I hope everyone had a great Monday. Stocks once again closed in the red today as deflationary fears and worries around 4th quarter earnings continue to worry Wall St.
There really was no trigger that sent stocks lower today. Deflation continues to rule the day. Gold and oil were absolutely pummeled. All of you gold bugs out there need to reconsider your strategy over the next year or two IMO. The $30 drop in gold today was a sign that deflation is here, and may stay for a couple years as Rosenberg suggested yesterday. The fact that gold has pulled back after that big move in the past couple months is a bearish sign in my view.
I am not saying the thesis is wrong. I am just suggesting that you might be early. Gold may very well end up at $2,000 an ounce before this is all said and done as we eventually get whacked by inflation. However, bonds and commodity prices are telling you that deflation is a huge force rigth now. This does not bode well for any assets.
Gold should used be a hedge right now folks. If its a core holding, I suggest you think twice about it in this type of deflationary environment.
A deflation spiral could send gold into the $400-500 range in the short term if the Fed cannot create inflation. Why do I say this? Lets once again take a look at Merrill's debt to GDP ratio chart:
As you can see, the debt load that's currently being carried in this nation is almost twice what it usually is during normal times.
This simply cannot be maintained! Consumers will be forced to pullback on spending as they attempt to pay down debt. This is an extremely overpowering deflationary force. Its almost impossible to see inflation in this environment. Consumers have no purchasing power because their debt levels are twice what they usually are. Making matters worse is their wages continue to stay flat(that is if they don't get laid off).
You must have rising wages in order to see the sustained inflation like we did in the 1970's. Unions were able to increase wages during that period. Companies today are doing the exact opposite. They are decreasing wages in order to survive the most brutal recession seen since the 1930's.

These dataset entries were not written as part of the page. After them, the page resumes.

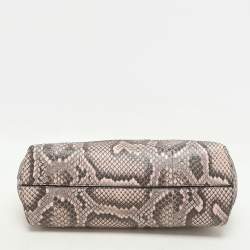 Fendi Pink/Brown Python and Leather Small First Clutch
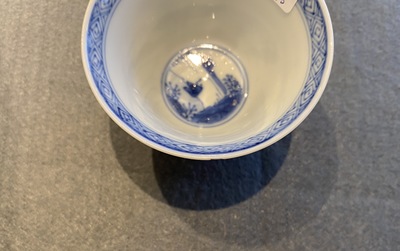 Five Chinese blue and white cups and saucers, Chenghua mark, Kangxi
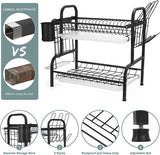 Dish Drying Rack, 2-Tier Compact Kitchen Dish Rack, Large Rust-Proof Dish Drainer with Utensil Holder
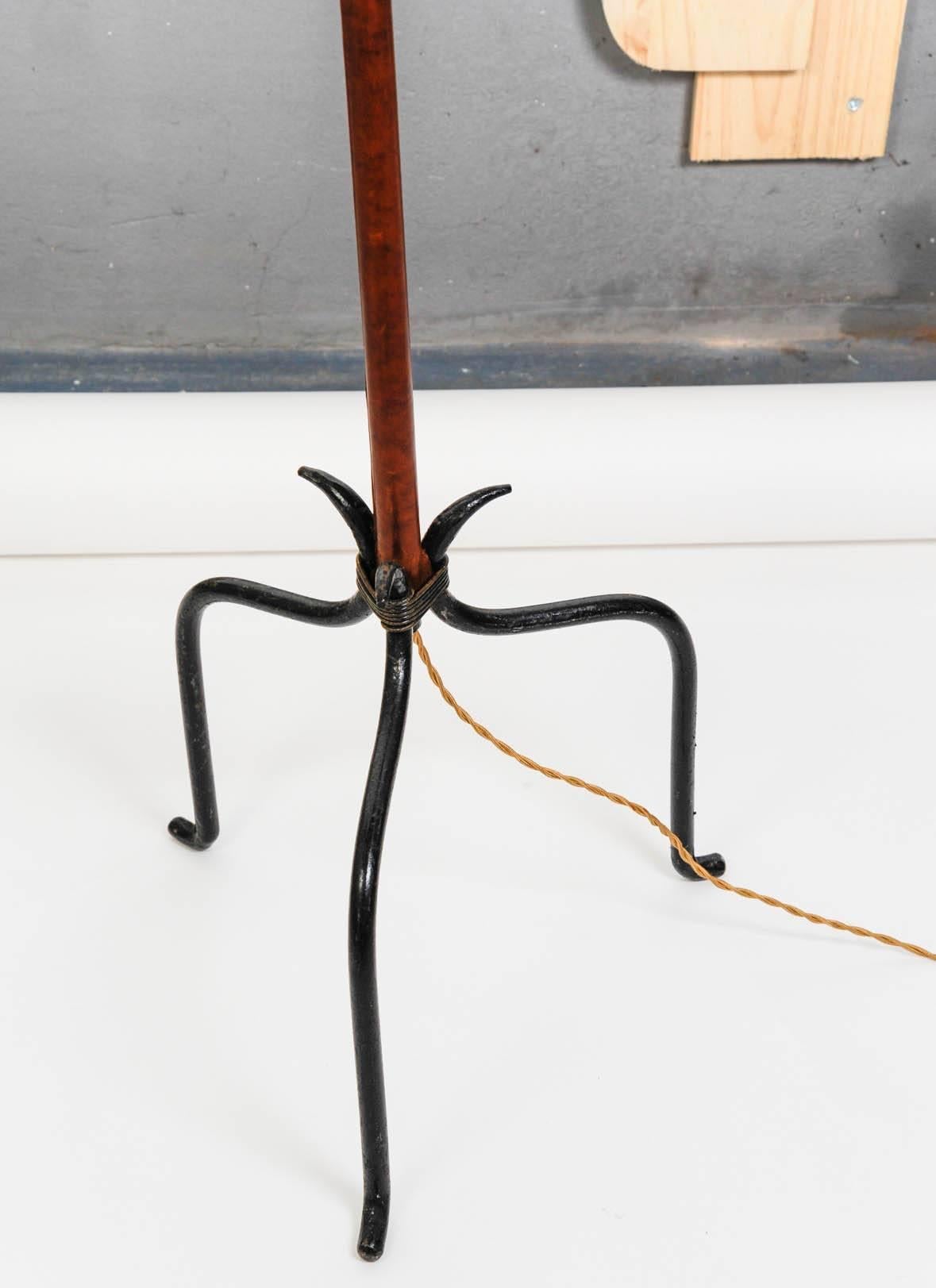 1950s Stitched Leather Floor Lamp by Jacques Adnet 1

Now inflation is still a risk down the road. I say this because inflation can also be caused by a serious cutback in production which results in less supply. However, we could be years away from seeing this. The excesses that have been built up by 25 years of over consumption are staggering and may take years to correct.
Housing is a perfect example. We have 11 months of inventory which is twice the historical average. The same is true for almost everything else. Have you driven down the main drag in your town lately? There is a mall and a Home Depot on practically every street corner in this country which results in a huge glut of inventories in areas like clothing, building supplies, furniture, electronics etc.

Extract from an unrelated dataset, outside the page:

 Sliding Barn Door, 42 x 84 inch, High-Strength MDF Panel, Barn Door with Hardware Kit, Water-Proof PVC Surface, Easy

We will need to see many BK's before we can begin to ruduce the massive glut of supplies in this country. Massive deflationary forces will be in play in order to accomplish this. Remember folks, we spent two decades spending like a drunken sailor! These inventories won't go away overnight!
The fact the consumer is filled to the gills in debt will force this process to take even longer to play out because they can't even afford to buy things on sale.

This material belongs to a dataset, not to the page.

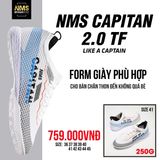  Giày Bóng Đá Chính Hãng Cỏ Nhân Tạo NMS CAPITAN 2.0 Bo Thun Trắng/Đen/Xanh Da TF 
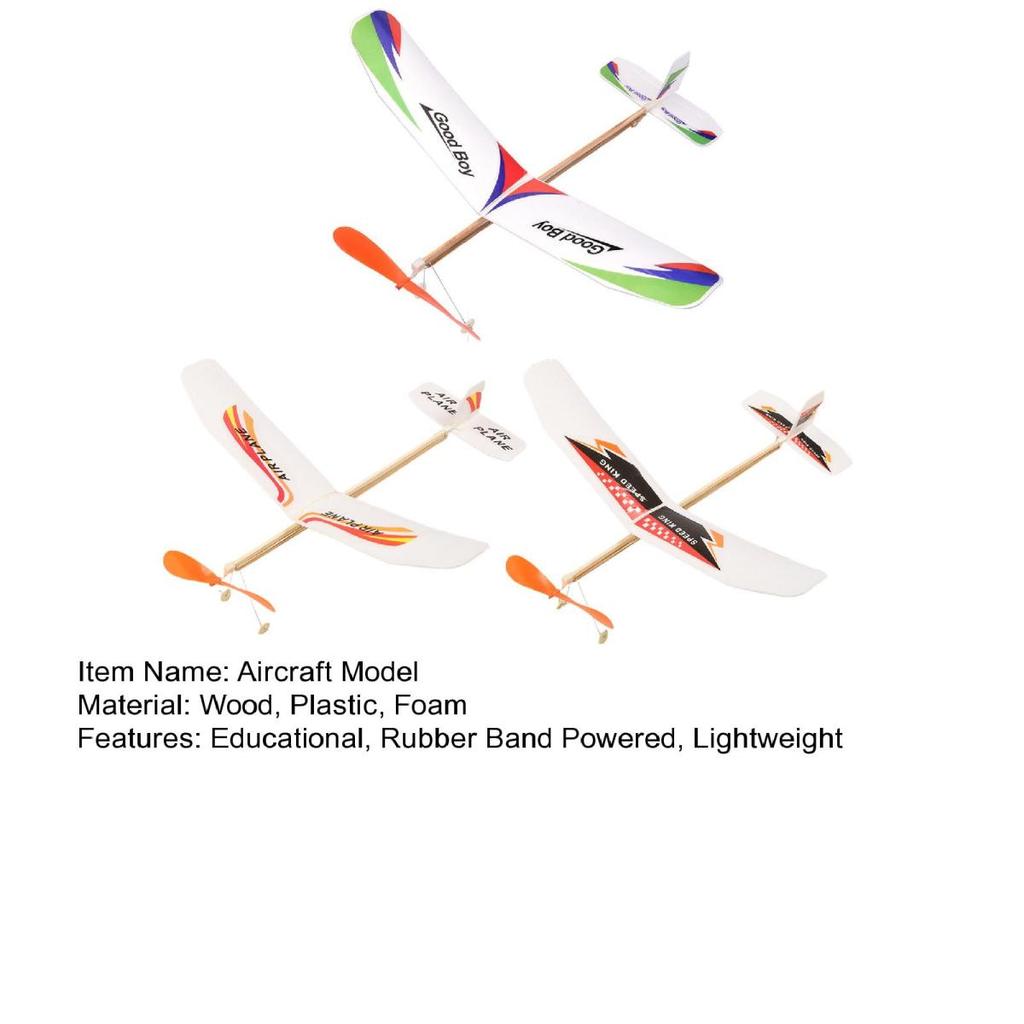 Rubber Band Powered Aircraft Model Kids Educational Throwing Glider Airplane Toddlers Boys Girls Outdoor Flying Plane Toy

This is why you need to be careful if you own gold or are long oil here. No one has enough buying power to sustain asset prices right now. If you want to own gold as a geopolitical play or as a play against a failed currency then keep your stash. I think the odds of this bet ever paying off anytime soon are against you, but that's your choice!
If our currency fails and its Mad Max time, I don't see what a gold bar is going to do for me other than make for a nice doorstop. I can't eat gold. I don't see how you can realistically use it to pay for something. If its Mad Max time I would much rather have a farm where I can grow food.
Like I said before, gold may get up to 2k an ounce down the road as a result of some sort of panic, but I see a lot of short term pain before it possibly ever gets there.
Bottom Line:
Tomorrow will be an interesting day. I still held onto SRS and FAZ. Both were up big today. I think someone is in trouble in the banking world. Citigroup and Bank of America were both down over 10%. I guess its time for the Treasury to throw some more money into these black holes. I have a bad feeling in my gut around the financials right now. However, they are too cheap at these levels to add short postions in my opinion considering they are backstopped by the government.
I have been saying for weeks that the financials companies are DEAD. Nothing today told me otherwise. I will continue to short financials with my FAZ. I think tomorrow might be a green day. AA earnings came out and the market moved higher even though they were awful. They already pre-announced this though last week and so I think the market priced it in.
I actually put a long on late today. I bought some QQQQ calls when the NASDAQ was getting creamed at the end of the day. Tech has gotten destroyed over the past few sessions, and it looks a little overdone to me in the short term.
Its earnings time folks. Lets see how bad they are. This will dictate where we go from here. Be careful this week. Its options expiration and things can get very volatile.